ASSIGNMENT.
Transcribe the listing below verbatim, omitting pictures.

DATA SHOWN.
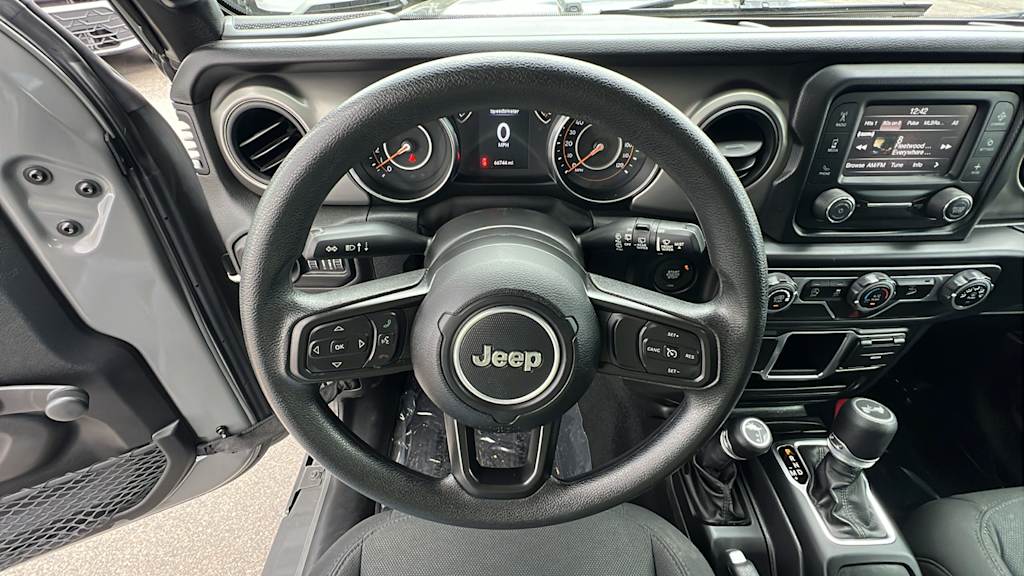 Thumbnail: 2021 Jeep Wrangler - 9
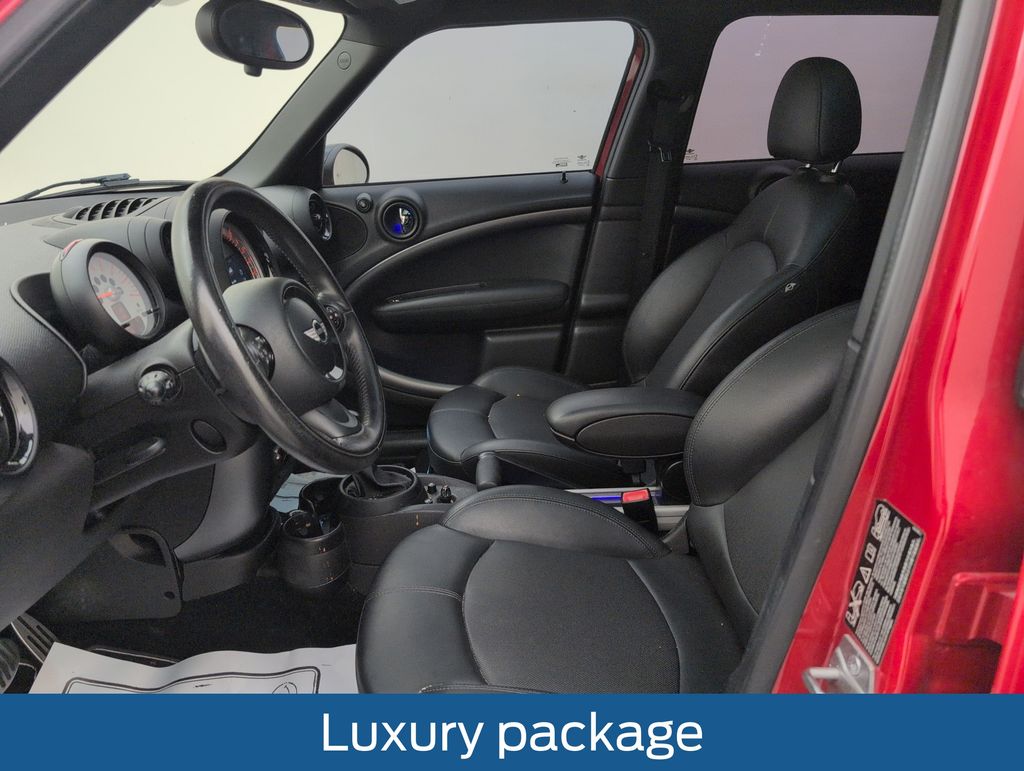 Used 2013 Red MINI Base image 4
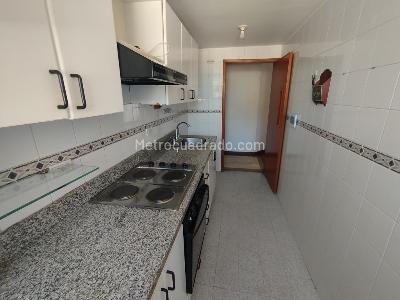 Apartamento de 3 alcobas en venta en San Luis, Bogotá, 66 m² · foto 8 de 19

EXPECTED OUTPUT.
 Thumbnail: 2021 Jeep Wrangler - 9
 Used 2013 Red MINI Base image 4
 Apartamento de 3 alcobas en venta en San Luis, Bogotá, 66 m² · foto 8 de 19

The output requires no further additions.